__Excerpts from a dataset__.
-- Opening Marker --
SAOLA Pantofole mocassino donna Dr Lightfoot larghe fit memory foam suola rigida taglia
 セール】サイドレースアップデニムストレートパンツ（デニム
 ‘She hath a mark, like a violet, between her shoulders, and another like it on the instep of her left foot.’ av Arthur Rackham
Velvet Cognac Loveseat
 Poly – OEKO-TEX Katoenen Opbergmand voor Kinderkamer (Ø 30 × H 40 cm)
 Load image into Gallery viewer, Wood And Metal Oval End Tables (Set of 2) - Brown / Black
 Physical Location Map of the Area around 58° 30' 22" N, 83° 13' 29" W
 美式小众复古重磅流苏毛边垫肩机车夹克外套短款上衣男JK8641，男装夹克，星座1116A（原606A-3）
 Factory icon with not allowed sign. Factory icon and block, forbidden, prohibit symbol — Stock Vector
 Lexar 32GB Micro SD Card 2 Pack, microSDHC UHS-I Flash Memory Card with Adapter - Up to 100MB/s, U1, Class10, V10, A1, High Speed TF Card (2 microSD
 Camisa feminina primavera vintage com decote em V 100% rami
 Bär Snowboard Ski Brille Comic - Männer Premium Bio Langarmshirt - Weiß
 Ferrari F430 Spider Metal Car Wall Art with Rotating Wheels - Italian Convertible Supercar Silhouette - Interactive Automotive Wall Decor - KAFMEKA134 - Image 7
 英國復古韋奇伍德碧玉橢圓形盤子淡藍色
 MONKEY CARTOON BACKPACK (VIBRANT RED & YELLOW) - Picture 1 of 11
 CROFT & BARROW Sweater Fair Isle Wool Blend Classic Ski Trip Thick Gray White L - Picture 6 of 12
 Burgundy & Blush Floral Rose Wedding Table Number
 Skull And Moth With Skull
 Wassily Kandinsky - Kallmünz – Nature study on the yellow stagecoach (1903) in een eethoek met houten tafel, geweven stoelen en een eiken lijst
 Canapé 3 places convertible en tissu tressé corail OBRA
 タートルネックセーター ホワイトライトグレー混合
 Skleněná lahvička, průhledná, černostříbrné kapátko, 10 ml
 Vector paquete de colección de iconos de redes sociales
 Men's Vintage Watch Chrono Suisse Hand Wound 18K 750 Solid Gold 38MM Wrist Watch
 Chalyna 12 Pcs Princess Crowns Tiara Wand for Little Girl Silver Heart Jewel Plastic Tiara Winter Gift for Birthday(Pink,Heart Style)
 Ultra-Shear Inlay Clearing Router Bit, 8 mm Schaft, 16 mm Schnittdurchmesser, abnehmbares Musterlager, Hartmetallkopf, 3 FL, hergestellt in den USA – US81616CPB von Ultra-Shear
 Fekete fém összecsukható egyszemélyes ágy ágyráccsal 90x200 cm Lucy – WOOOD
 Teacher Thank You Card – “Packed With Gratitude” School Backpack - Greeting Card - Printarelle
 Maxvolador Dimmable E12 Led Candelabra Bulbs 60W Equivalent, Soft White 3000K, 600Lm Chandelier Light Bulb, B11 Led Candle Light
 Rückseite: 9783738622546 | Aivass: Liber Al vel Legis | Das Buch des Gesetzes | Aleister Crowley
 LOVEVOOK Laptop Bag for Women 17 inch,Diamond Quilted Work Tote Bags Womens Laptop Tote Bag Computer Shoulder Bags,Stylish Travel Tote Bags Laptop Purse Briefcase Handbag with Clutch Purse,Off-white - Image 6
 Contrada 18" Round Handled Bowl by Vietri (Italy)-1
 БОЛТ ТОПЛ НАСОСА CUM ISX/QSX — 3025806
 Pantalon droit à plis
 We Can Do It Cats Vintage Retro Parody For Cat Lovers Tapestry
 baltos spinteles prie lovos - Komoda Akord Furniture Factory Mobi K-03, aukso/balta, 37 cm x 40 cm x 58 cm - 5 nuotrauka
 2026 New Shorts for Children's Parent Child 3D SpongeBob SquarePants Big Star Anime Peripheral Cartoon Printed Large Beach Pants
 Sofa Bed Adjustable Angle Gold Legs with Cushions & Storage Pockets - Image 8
-- Closing Marker --
__PROBLEM DETAILS__. The data are to be transcribed in full, exactly as given.

__RESPONSE AREA__.
SAOLA Pantofole mocassino donna Dr Lightfoot larghe fit memory foam suola rigida taglia
 セール】サイドレースアップデニムストレートパンツ（デニム
 ‘She hath a mark, like a violet, between her shoulders, and another like it on the instep of her left foot.’ av Arthur Rackham
Velvet Cognac Loveseat
 Poly – OEKO-TEX Katoenen Opbergmand voor Kinderkamer (Ø 30 × H 40 cm)
 Load image into Gallery viewer, Wood And Metal Oval End Tables (Set of 2) - Brown / Black
 Physical Location Map of the Area around 58° 30' 22" N, 83° 13' 29" W
 美式小众复古重磅流苏毛边垫肩机车夹克外套短款上衣男JK8641，男装夹克，星座1116A（原606A-3）
 Factory icon with not allowed sign. Factory icon and block, forbidden, prohibit symbol — Stock Vector
 Lexar 32GB Micro SD Card 2 Pack, microSDHC UHS-I Flash Memory Card with Adapter - Up to 100MB/s, U1, Class10, V10, A1, High Speed TF Card (2 microSD
 Camisa feminina primavera vintage com decote em V 100% rami
 Bär Snowboard Ski Brille Comic - Männer Premium Bio Langarmshirt - Weiß
 Ferrari F430 Spider Metal Car Wall Art with Rotating Wheels - Italian Convertible Supercar Silhouette - Interactive Automotive Wall Decor - KAFMEKA134 - Image 7
 英國復古韋奇伍德碧玉橢圓形盤子淡藍色
 MONKEY CARTOON BACKPACK (VIBRANT RED & YELLOW) - Picture 1 of 11
 CROFT & BARROW Sweater Fair Isle Wool Blend Classic Ski Trip Thick Gray White L - Picture 6 of 12
 Burgundy & Blush Floral Rose Wedding Table Number
 Skull And Moth With Skull
 Wassily Kandinsky - Kallmünz – Nature study on the yellow stagecoach (1903) in een eethoek met houten tafel, geweven stoelen en een eiken lijst
 Canapé 3 places convertible en tissu tressé corail OBRA
 タートルネックセーター ホワイトライトグレー混合
 Skleněná lahvička, průhledná, černostříbrné kapátko, 10 ml
 Vector paquete de colección de iconos de redes sociales
 Men's Vintage Watch Chrono Suisse Hand Wound 18K 750 Solid Gold 38MM Wrist Watch
 Chalyna 12 Pcs Princess Crowns Tiara Wand for Little Girl Silver Heart Jewel Plastic Tiara Winter Gift for Birthday(Pink,Heart Style)
 Ultra-Shear Inlay Clearing Router Bit, 8 mm Schaft, 16 mm Schnittdurchmesser, abnehmbares Musterlager, Hartmetallkopf, 3 FL, hergestellt in den USA – US81616CPB von Ultra-Shear
 Fekete fém összecsukható egyszemélyes ágy ágyráccsal 90x200 cm Lucy – WOOOD
 Teacher Thank You Card – “Packed With Gratitude” School Backpack - Greeting Card - Printarelle
 Maxvolador Dimmable E12 Led Candelabra Bulbs 60W Equivalent, Soft White 3000K, 600Lm Chandelier Light Bulb, B11 Led Candle Light
 Rückseite: 9783738622546 | Aivass: Liber Al vel Legis | Das Buch des Gesetzes | Aleister Crowley
 LOVEVOOK Laptop Bag for Women 17 inch,Diamond Quilted Work Tote Bags Womens Laptop Tote Bag Computer Shoulder Bags,Stylish Travel Tote Bags Laptop Purse Briefcase Handbag with Clutch Purse,Off-white - Image 6
 Contrada 18" Round Handled Bowl by Vietri (Italy)-1
 БОЛТ ТОПЛ НАСОСА CUM ISX/QSX — 3025806
 Pantalon droit à plis
 We Can Do It Cats Vintage Retro Parody For Cat Lovers Tapestry
 baltos spinteles prie lovos - Komoda Akord Furniture Factory Mobi K-03, aukso/balta, 37 cm x 40 cm x 58 cm - 5 nuotrauka
 2026 New Shorts for Children's Parent Child 3D SpongeBob SquarePants Big Star Anime Peripheral Cartoon Printed Large Beach Pants
 Sofa Bed Adjustable Angle Gold Legs with Cushions & Storage Pockets - Image 8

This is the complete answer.